Now that we have variables, we can consider new operations, like substituting an expression for a variable. We use an infix operator [==v] for equality tests on strings. It has a somewhat funny and very expressive type, whose details we will try to gloss over. (We later return to them in SubsetTypes.v.)

Rocq

Infix "==" := string_dec (at level 70).

 Fixpoint substitute (inThis : arith) (replaceThis : var) (withThis : arith) : arith :=
  match inThis with
  | Const _ => inThis
  | Var x => if x == replaceThis then withThis else inThis
  | Plus e1 e2 => Plus (substitute e1 replaceThis withThis) (substitute e2 replaceThis withThis)
  | Times e1 e2 => Times (substitute e1 replaceThis withThis) (substitute e2 replaceThis withThis)
  end.

(* An intuitive property about how much [substitute] might increase depth. *)
Theorem substitute_depth : forall replaceThis withThis inThis,
  depth (substitute inThis replaceThis withThis) <= depth inThis + depth withThis.
Proof.
  induction inThis; simpl.
  (* [destruct e]: break the proof into one case for each constructor that might have
   *   been used to build the value of expression [e].  In the special case where
   *   [e] essentially has a Boolean type, we consider whether [e] is true or false. *)
  - lia.
  -  destruct (x == replaceThis); simpl.
   + lia.
   + lia.
- lia.
- lia.
Qed.

Let’s get fancier about automation, using [match goal] to pattern-match the goal and decide what to do next!
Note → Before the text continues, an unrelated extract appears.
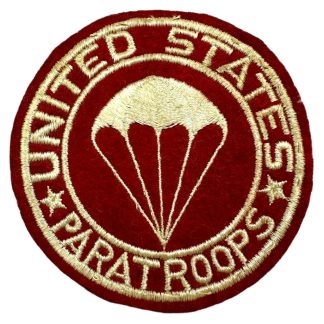 A World War II-era U.S. Airborne Artillery pocket patch. The patch is circular with a red wool background and features embroidered white lettering and design. 'UNITED STATES PARATROOPS' is stitched around the outer edge, separated by two stars. The center showcases a stylized parachute, symbolizing airborne forces. The patch is designed to be worn on the uniform pocket.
The [|-] syntax separates hypotheses and conclusion in a goal. The [context] syntax is for matching against *any subterm* of a term. The construct [try] is also useful, for attempting a tactic and rolling back the effect if any error is encountered.

Rocq

Theorem substitute_depth_snazzy : forall replaceThis withThis inThis,
  depth (substitute inThis replaceThis withThis) <= depth inThis + depth withThis.
Proof.
  induction inThis; simpl;
   try match goal with
    | [ |- context[if ?a == ?b then _ else _] ] =>
        destruct (a == b); simpl
    end; lia.
  (*try match goal with
      | [ |- context[if ?a ==v ?b then _ else _] ] => cases (a ==v b); simplify
      end; linear_arithmetic.*)
Qed.

A silly self-substitution has no effect.

Rocq

Theorem substitute_self : forall replaceThis inThis,
  substitute inThis replaceThis (Var replaceThis) = inThis.
Proof.
  induction inThis; simpl;
  try match goal with
    | [ |- context[if ?a == ?b then _ else _] ] =>
        destruct (a == b); simpl
    end; congruence.
Qed.

We can do substitution and commuting in either order.

Rocq

Theorem substitute_commuter : forall replaceThis withThis inThis,
  commuter (substitute inThis replaceThis withThis)
  = substitute (commuter inThis) replaceThis (commuter withThis).
Proof.
  induction inThis; simpl;
  try match goal with
    | [ |- context[if ?a == ?b then _ else _] ] =>
        destruct (a == b); simpl
    end; congruence.
Qed.

Constant folding is one of the classic compiler optimizations. We repeatedly find opportunities to replace fancier expressions with known constant values.

Rocq

Fixpoint constantFold (e : arith) : arith :=
  match e with
  | Const _ => e
  | Var _ => e
  | Plus e1 e2 =>
    let e1' := constantFold e1 in
    let e2' := constantFold e2 in
    match e1', e2' with
    | Const n1, Const n2 => Const (n1 + n2)
    | Const 0, _ => e2'
    | _, Const 0 => e1'
    | _, _ => Plus e1' e2'
    end
  | Times e1 e2 =>
    let e1' := constantFold e1 in
    let e2' := constantFold e2 in
    match e1', e2' with
    | Const n1, Const n2 => Const (n1 * n2)
    | Const 1, _ => e2'
    | _, Const 1 => e1'
    | Const 0, _ => Const 0
    | _, Const 0 => Const 0
    | _, _ => Times e1' e2'
    end
  end.

This is supposed to be an optimization, so it had better not increase the size of an expression! There are enough cases to consider here that we skip straight to the automation. A new scripting construct is [match] patterns with dummy bodies. Such a pattern matches *any* [match] in a goal, over any type!

Rocq

Theorem size_constantFold : forall e, size (constantFold e) <= size e.
Proof.
  induction e; simpl;
   repeat match goal with
    | [ |- context[match ?E with _ => _ end] ] =>
        destruct E; simpl in *
    end; lia.
  (*repeat match goal with
         | [ |- context[match ?E with _ => _ end] ] => cases E; simplify
         end; linear_arithmetic.*)
Qed.

Business as usual, with another commuting law
Theorem commuter_constantFold : forall e, commuter (constantFold e) = constantFold (commuter e).
Proof.
  induction e; simpl;
   repeat match goal with
    | [ |- context[match ?E with _ => _ end] ] =>
        destruct E; simpl in *
    | [ H : ?f _ = ?f _ |- _ ] =>
        injection H as H; subst
    | [ |- ?f _ = ?f _ ] =>
        f_equal
    end; try (lia || congruence).
  Qed.

  • f_equal: when the goal is an equality between two applications of the same function, switch to proving that the function arguments are pairwise equal.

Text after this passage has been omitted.